The company, Japan’s second-largest automaker and an automaker involved in a deep alliance with France’s Renault, said its quarterly profit rose above estimates thanks to an export boost provided by the weaker local currency.
The currency swing managed to increase earnings from the North American region, allowing the automaker to overcome a slump in demand in its other key markets – China and Europe. According to the Yokohama, Japan-based carmaker, net income climbed 16% to 124.9 billion yen ($1.1 billion) for the July to September period. That compares to an average estimate of 102.6 billion yen, compiled by Bloomberg from 14 analyst forecasts. Assisted by the rising earnings, the company has announced it’s sticking to its full-year guidance.

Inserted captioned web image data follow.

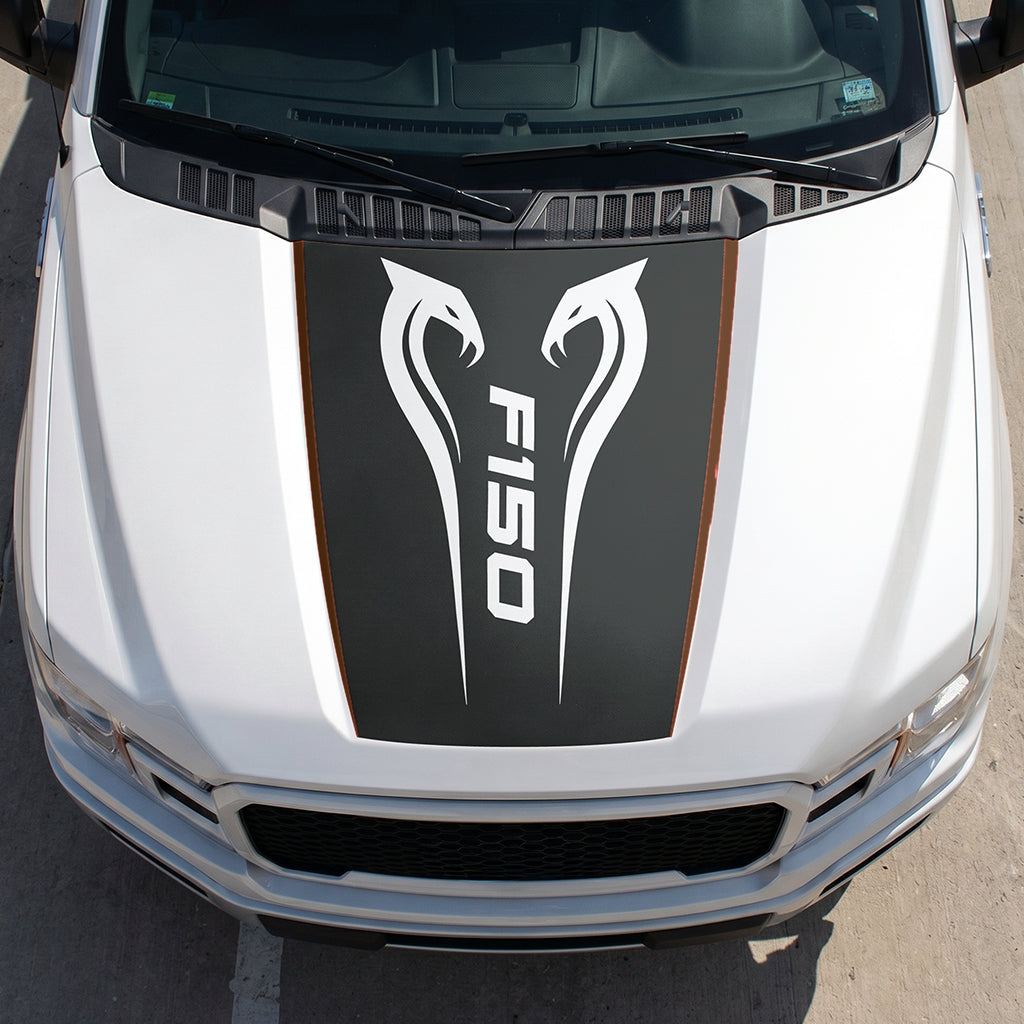Hood Panel Decal/Sticker - Twin Cobra Graphic Decal Graphic Kit - For Ford F-150 2015-2020 - Premium Vinyl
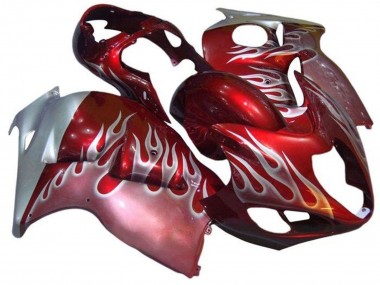 Carenado Moto Suzuki GSXR 1300 Hayabusa 1996-2007 - Rojo Plata Llama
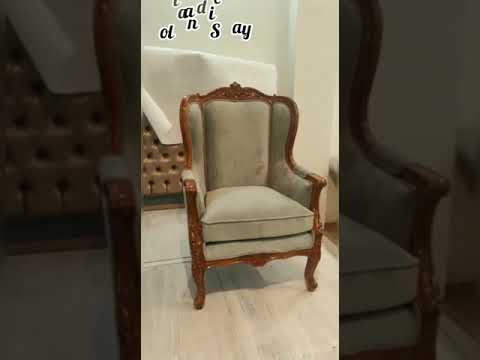 Teak wood wooden chair with footrest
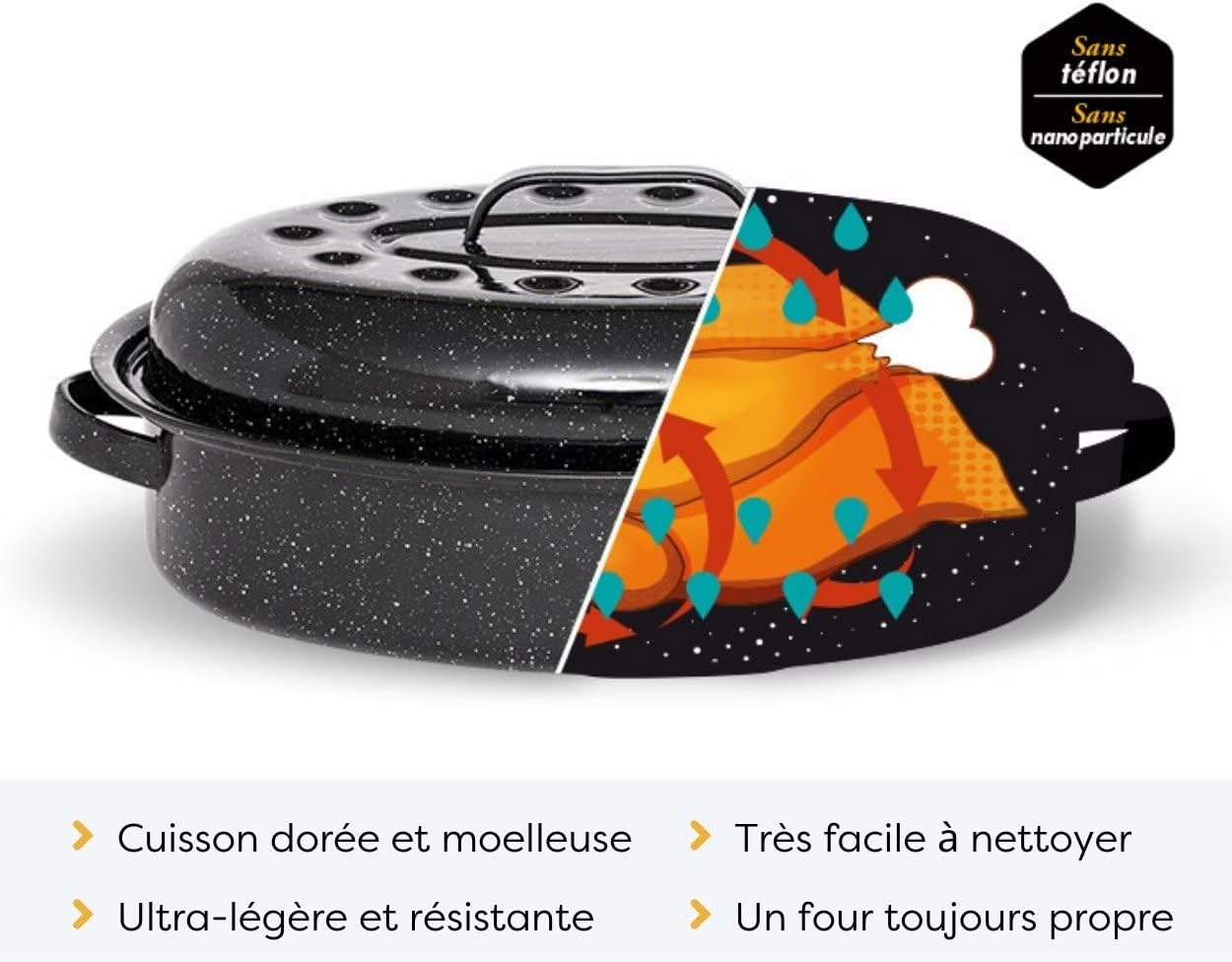 Graniteware - Cocotte Roaster moyen - acier émaillé, grille inox, livre recette
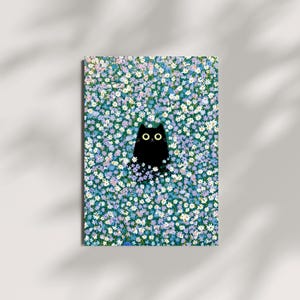 May include: A whimsical illustration of a black cat with large yellow eyes, surrounded by a field of small blue and white flowers. The cat is centered in the image, creating a charming and playful scene.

Nissan’s earnings coming from the US, where the company posted for the 13th consecutive month a new sales record in October, have been lifted by Japanese Prime Minister Shinzo Abe’s strive to bring down deflation in the world’s third-largest economy. According to figures provided by the carmaker, overall operating profit during the three months period jumped 22% to 139.3 billion yen, total deliveries climbed 6% to 2.68 trillion yen and the company lifted its full-year revenue guidance to 10.8 trillion yen from 10.79 trillion yen. US sales rose 13% so far this year, while Japan fell 19% over the six-month period that followed the increase in the country’s consumption tax.